2.      The basic principles of the performance scheme shall apply throughout the network.’

9.        Article 14(2) of that directive states:

‘Where the infrastructure manager, in its legal form, organisation or decision‑making functions is not independent of any railway undertaking, the functions referred to in paragraph 1 and described in this chapter shall be performed by an allocation body that is independent in its legal form, organisation and decision-making functions from any railway undertaking.’

B –    French law

1.      Law No 97‑135

10.      Law No 97‑135 of 13 February 1997 creating the public institution ‘Réseau ferré de France’ with a view to the renewal of rail transport (loi n° 97‑135 du 13 février 1997 portant création de l’établissement public ‘Réseau ferré de France’ en vue du renouveau du transport ferroviaire (6) provides that Réseau ferré de France (‘RFF’) is the French railway infrastructure manager.

11.      The second paragraph of Article 1 of that Law states:

‘Having regard to the requirements of safety and public service continuity, management of traffic and movements on the national rail network and operation and maintenance of the technical and safety installations for that network shall be carried out by the Société nationale des chemins de fer français (SNCF) on behalf of and in accordance with the management objectives and principles laid down by [RFF]. It shall provide it with remuneration to that end. ...’

2.      Decree No 2003‑194

12.      The first paragraph of Article 17 of Decree No 2003‑194 of 7 March 2003 on the use of the national rail network (7) (décret n° 2003‑194 du 7 mars 2003 relatif à l’utilisation du réseau ferré national) provides:

‘[RFF] shall draw up a national rail network statement containing all the information necessary for exercising the rights of access to the national rail network mentioned in Title I. ...’

13.      Article 18 of that decree provides:

‘[RFF] shall be responsible for allocating infrastructure capacity for the national rail network in respect of the infrastructure which it manages or for which the infrastructure manager holds a partnership agreement concluded pursuant to Articles 1‑1 and 1‑2 of the abovementioned Law of 13 February 1997, in accordance with the detailed rules laid down in Articles 18 to 27 of the present decree. ...’

14.      Article 21 of the decree provides: (8)

‘Requests for train paths shall be addressed to [RFF] under the conditions and in accordance with the detailed rules laid down by the network statement or, in the case of a framework agreement, by the provisions of that agreement.

[RFF] shall entrust the technical execution studies necessary for the examination of requests for train paths to the [SNCF], which is responsible, on its behalf, for management of traffic and movements on the national rail network. Such studies shall give rise to remuneration, to be borne by the requesting party, equal to the cost directly incurred as a result of conducting them.

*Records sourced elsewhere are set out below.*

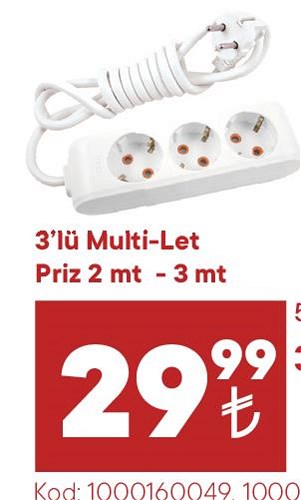 3'lü Multi Let Priz Çocuk Korumalı image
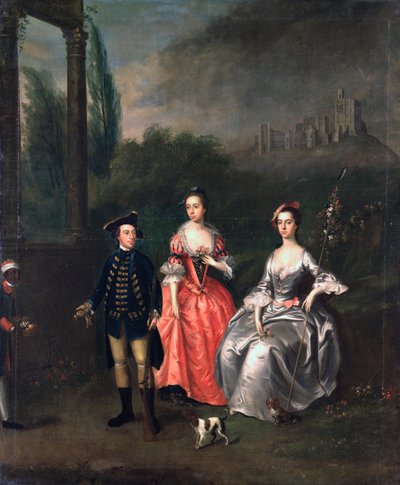 Portret van Kapitein Fenwick, zijn vrouw Isabella Orde en zijn zus Ann, ca. 1746 door Thomas Bardwell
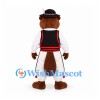 Beaver Mascot Costume with Black Hat and Embroidered Folk Outfit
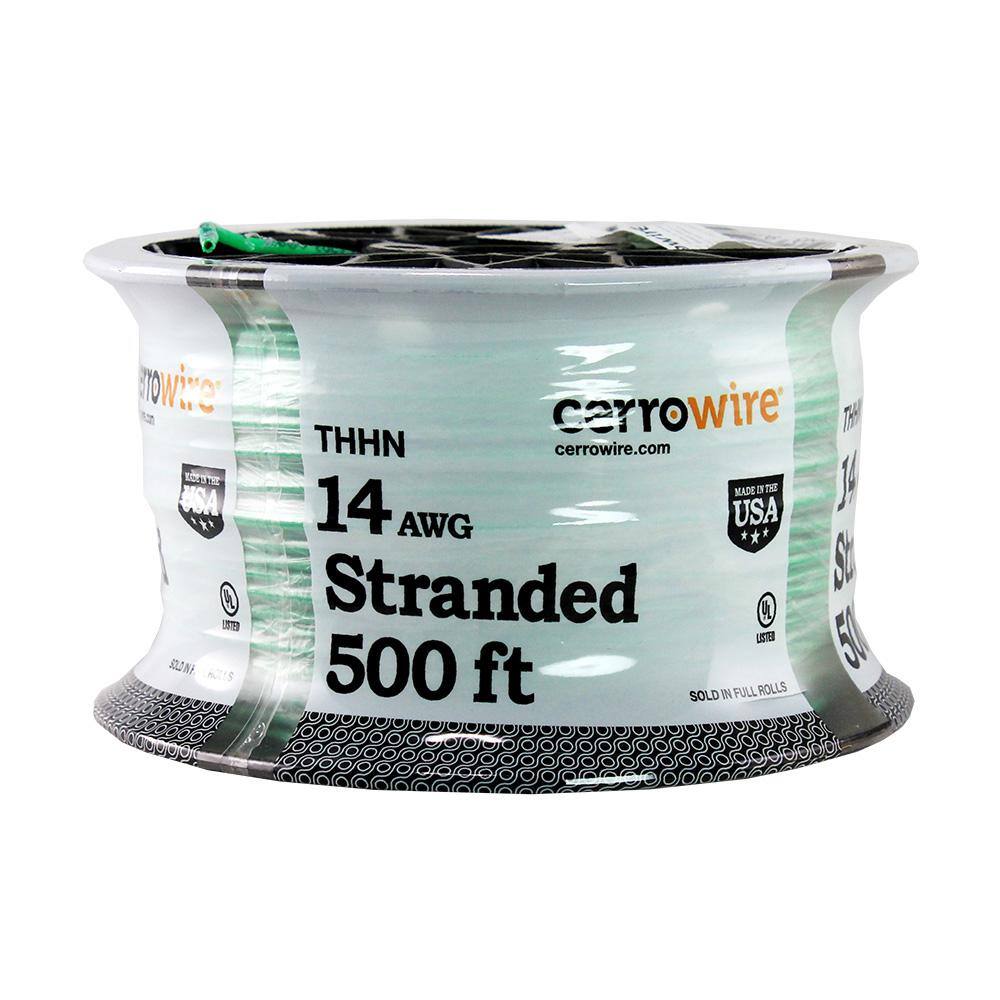 Cerrowire 500 ft. 14 Gauge Green Stranded Copper THHN Wire 112-3455J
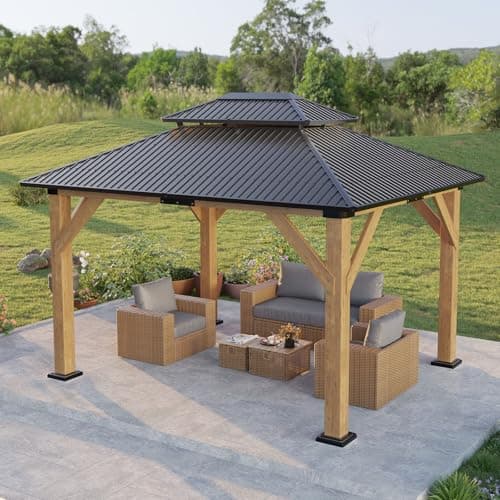 10x12 Wood Gazebo, Hardtop Outdoor Gazebo with Aluminum Double Roof, Outdoor Wooden Pavilion for Parties, Backyard, Patio, Lawns, Black + Natural Wood
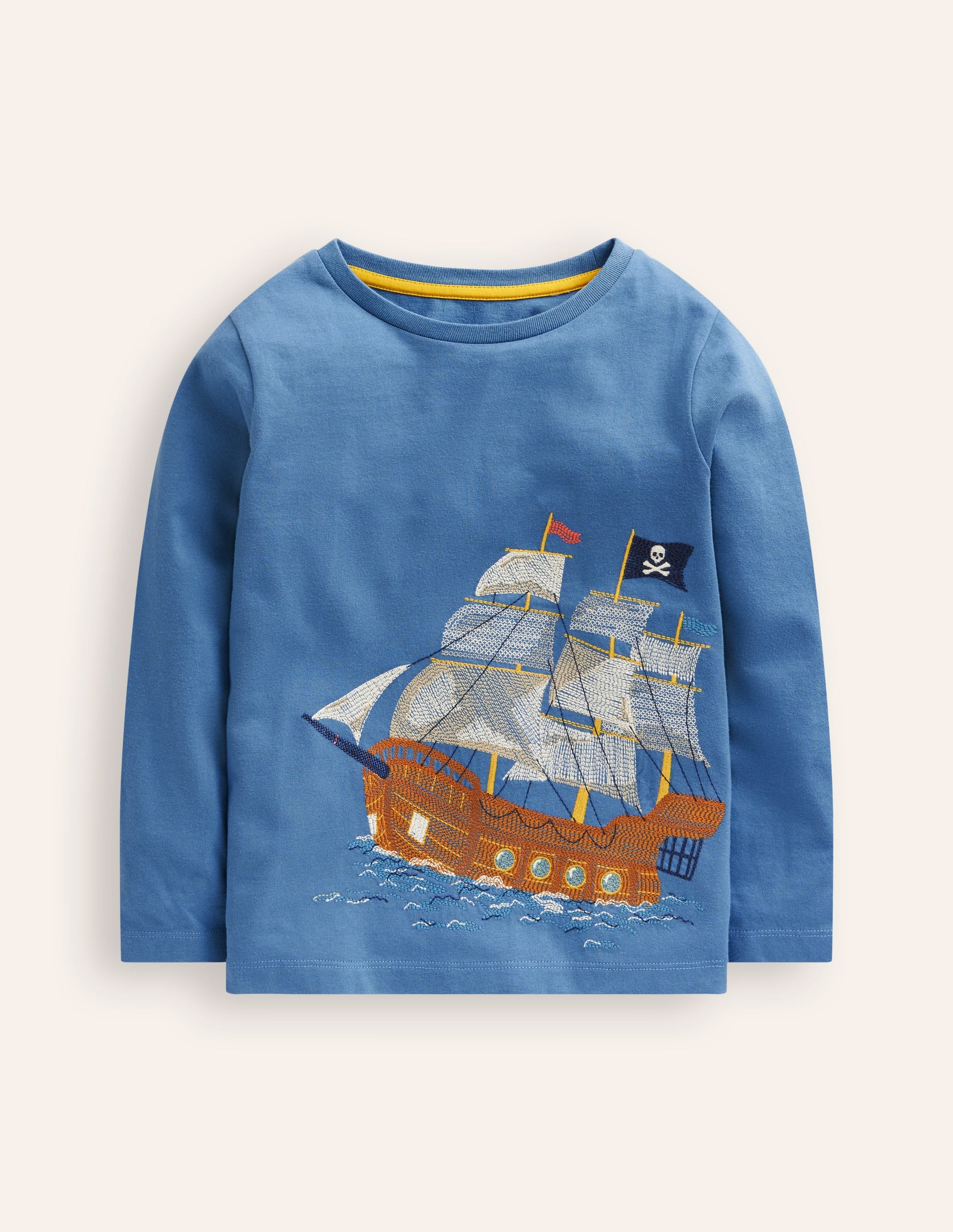 T-Shirt mit Superstitch-Design-Blauhäher Piratenschiff - Image 4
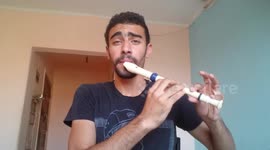 Egyptian man beatboxes while playing recorder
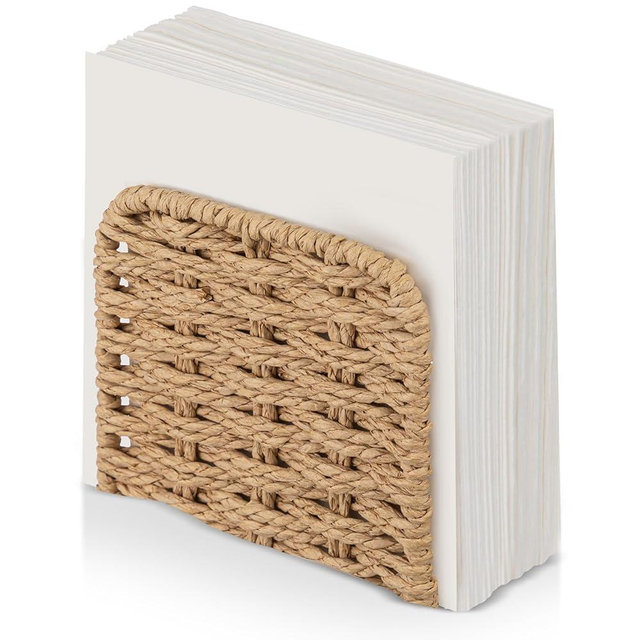 Threehoney Woven Rattan Wicker Upright Napkin Holders for Table Standing Paper Dispenser for Guest Restaurant Kitchen Bathroom Room Cocktail Decoration Indoor & Outdoor Party Use(Classic,Flaxen)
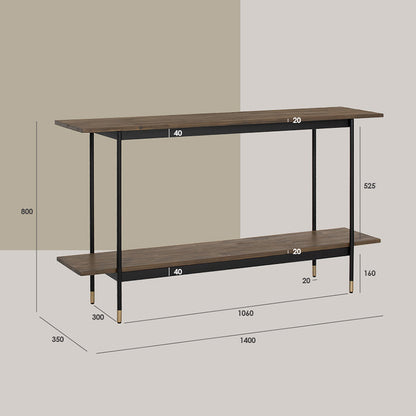 HAMILTON Console Table Solid Acacia Wood 140cm - Toffee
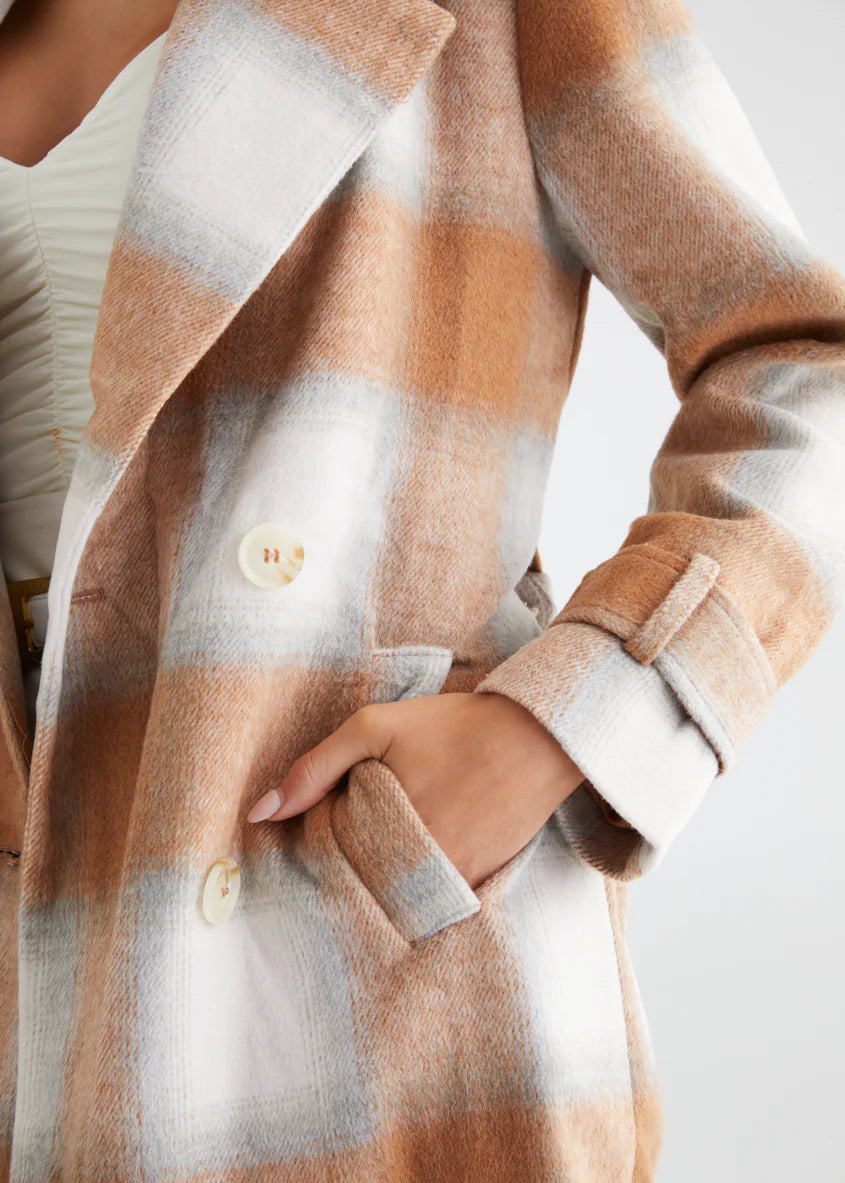 Laterro Coat - Tan Check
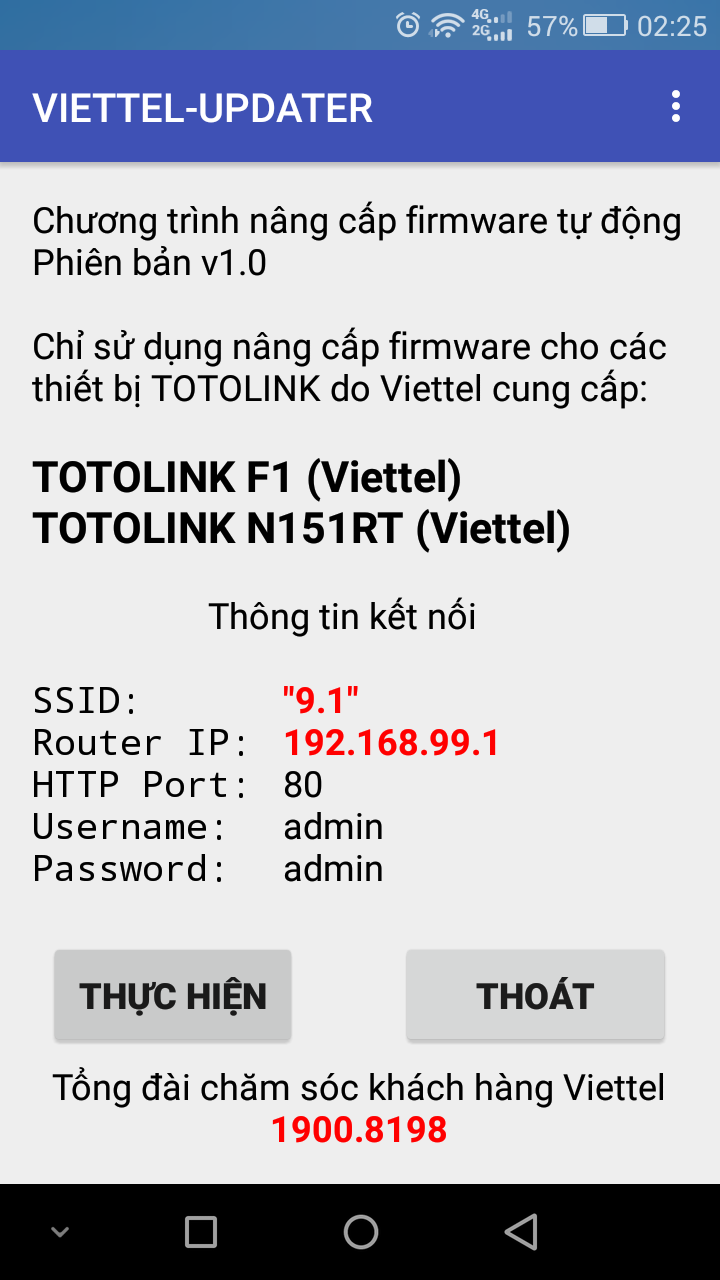 Android application viettel-updater-v1.0.0 screenshort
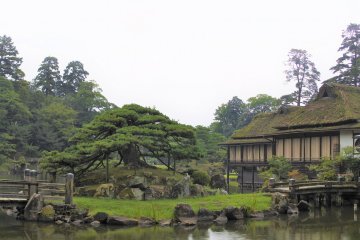 Rinchikaku pavilion amid the garden scenery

The [SNCF] shall take the necessary steps, under the supervision of [RFF], to ensure the independence in the functions of the service which produces the technical reports in order to guarantee that there is no discrimination in the performance of those functions. That service shall respect the confidentiality of commercial information communicated to it for the purposes of those reports.

…’

15.      A performance contract covering the period from 2008‑2012 was concluded between the French State and RFF on 3 November 2008.

3.      Law No 82‑1153

16.      Article 24(III) of Law No 82‑1153 of 30 December 1982 laying down guidelines for domestic transport (loi n° 82‑1153 du 30 décembre 1982 d’orientation des transports intérieurs), (9) as amended by Law No 2009‑1503 of 8 December 2009 on the organisation and regulation of rail transport and introducing various provisions relating to transport (loi n° 2009‑1503 du 8 décembre 2009 relative à l’organisation et à la régulation des transports ferroviaires et portant diverses dispositions relatives aux transports), (10) sets out detailed provisions on a specialised service which, within the SNCF, ‘shall perform, from 1 January 2010, on behalf of and in accordance with the management objectives and principles laid down by [RFF], the tasks related to management of traffic and movements on the national rail network mentioned in Article 1 of Law No 97‑135 … in conditions which ensure the independence of the essential functions thus performed and guarantee free and fair competition and the absence of any discrimination.’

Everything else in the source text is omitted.